Four blocks from the bus station to the hotel didn't sound far, but heaving baggage along and negotiating the girls' bickering made it a marathon. Though April was unfolding the warmth had not yet been sufficient to melt the snowbanks away, but had instead revealed their black, cigarette-butt stuffed cores, ledges of treacherous silty ice that snaked along the sidewalk borders like petrified boa constrictors coming off dumpster-diving benders. India tripped on one and blamed Bianca, whom she subsequently characterized as a bumbling bitch-goblin.

"No swearing," muttered Father wearily.

"She hip-checked me," whined India.

"Didn't," said Bianca.

They walked through Chinatown. There were squashed vegetables mashed into the ice crusts, and the air smelled like a fast-food grease-trap. The family wormed their way through dense, jostling crowds of shoppers pressed around make-shift market stalls filled with octopus tentacles and knock-off MP3 players. They were awash in a constant babble of Mandarin, and Mike experienced some regret that he understood none of it despite his heritage.

"I want to learn Chinese," he told his mother.

"Not now, honey" she said.

The Fairbrook Hotel rose from the corner of Dundas Street and a dingy side alley populated by oily-haired aboriginals arguing over a patch of grating through which bloomed warm farts of subway air. India drew up against Mike at the sound of their sharp, gravelly profanity. Bianca laughed at her.

The bellhops at the Fairbrook were dressed like movie-ushers. They wore little crooked cranberry caps and had stripes running down each pantleg like Han Solo. They bowed to people who looked like big tippers and ignored everyone else, including Mike and his family.

When one of the bellhops was dispatched by the desk clerk he reluctantly loaded the baggage onto a cart with a squeaky wheel and studied the wall with severe indifference while they all waited for the elevator.
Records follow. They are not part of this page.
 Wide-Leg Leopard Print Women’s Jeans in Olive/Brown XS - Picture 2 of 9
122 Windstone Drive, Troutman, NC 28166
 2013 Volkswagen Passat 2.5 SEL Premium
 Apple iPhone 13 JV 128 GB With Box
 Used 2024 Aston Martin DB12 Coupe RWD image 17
He swiped the card to admit them into the room and then piled the bags unceremoniously next to the closest bed.

On his way out the bellhop loitered at the jamb and held open his hand expectantly. Father slapped his palm and said, "Thanks, man."

Once they were settled Mother reviewed the itinerary, stepping through two days of round robin spelling and themed lunches culminating in a grand awards dinner of roast beef for finalists and parents only. Tentatively, half-jokingly, musingly, Mike set that final evening as the stage for his mission.
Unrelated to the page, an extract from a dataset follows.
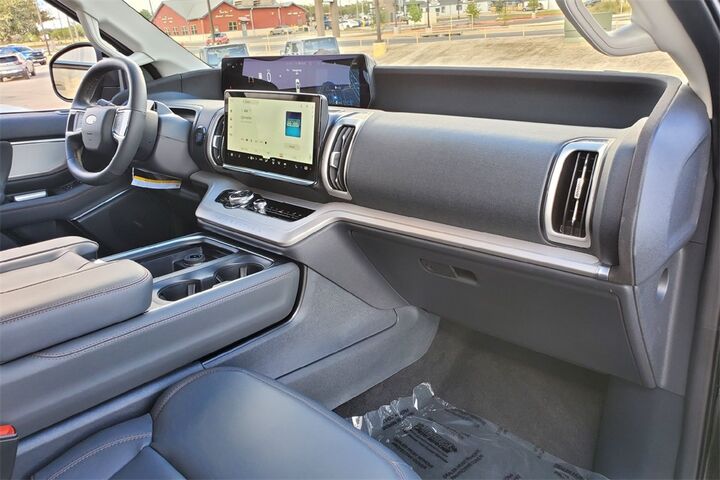 2025 Ford Expedition Active  TX
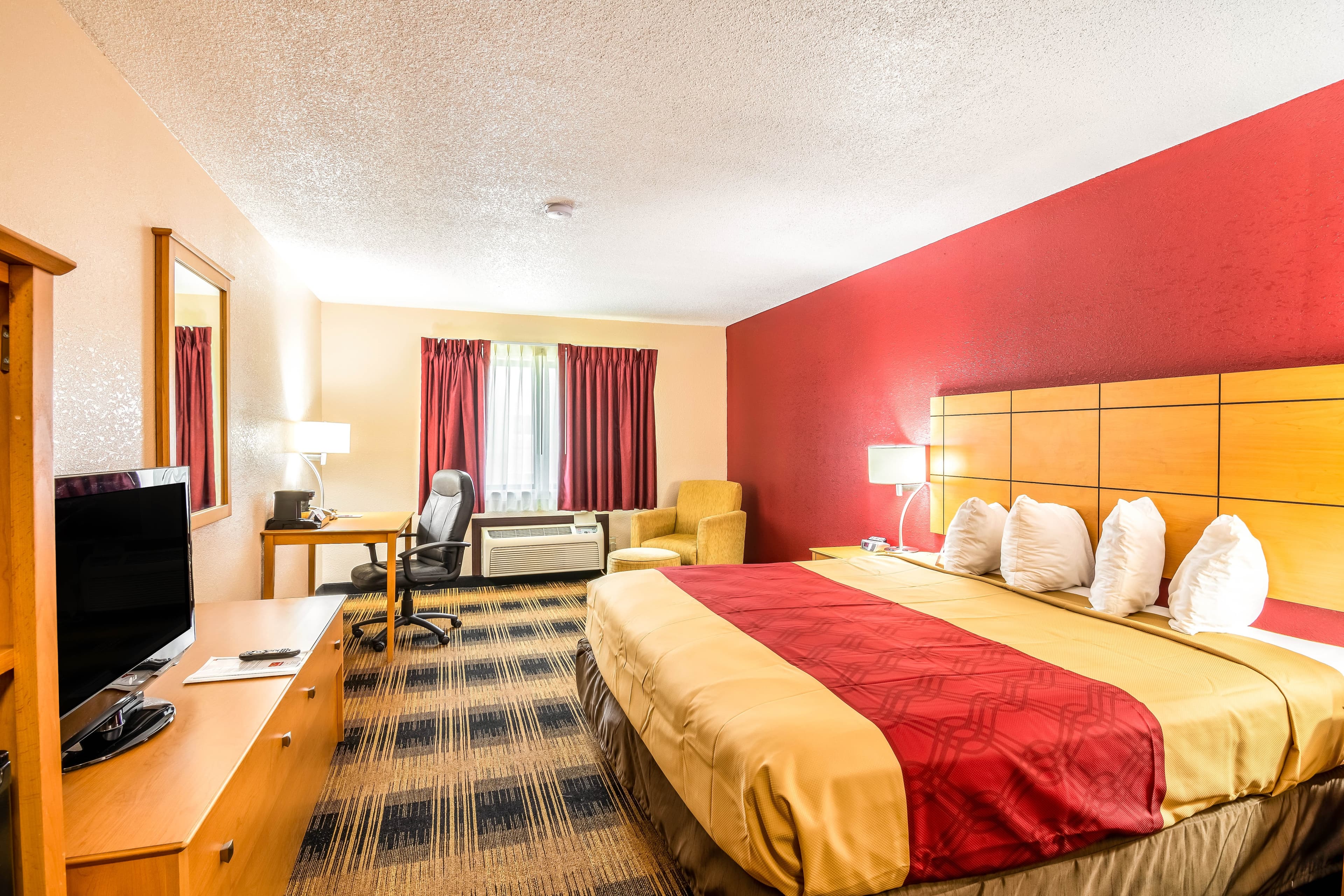Econo Lodge Topeka at Wanamaker — 7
"Will you two be okay on your own?" asked Mother.

"Yes," said Mike.

"No," said Bianca.

"I don't like roast beef," said India.

4 comments:

Simon said...

Ah, the proclivity for flatulence worms its way into even here; though it's a subway grate rather than a dog propelled through zero-G.

Star Wars references always score bonus points!

Anonymous said...

I am starting to wonder where your getting at with Mike and what and where your mind will take him.

I like your posts this way. They are not rushed. And the story so far seems evenly put.
Keep it up. I am looking foward to more.

SMV

Anonymous said...

"like petrified boa constrictors coming off dumpster-diving benders." A HUGE fan of your similes and colorful descriptions, I have to tell you I tripped on that one. Loved the "warm farts of subway air" though. -the danimal

Cheeseburger Brown said...

Dear Simon,

Would it really be Cheeseburger Brown if there were no farts and Star Wars? Indeed (or alas), no.

Dear SMV,

Thanks. I promise to stick to the posting schedule, barring unforseen acts of Darwin like power outages or sudden death.

Dear The Danimal,

It can't be denied -- that one's clumsier than a...er, clumsy like a...um...forget it.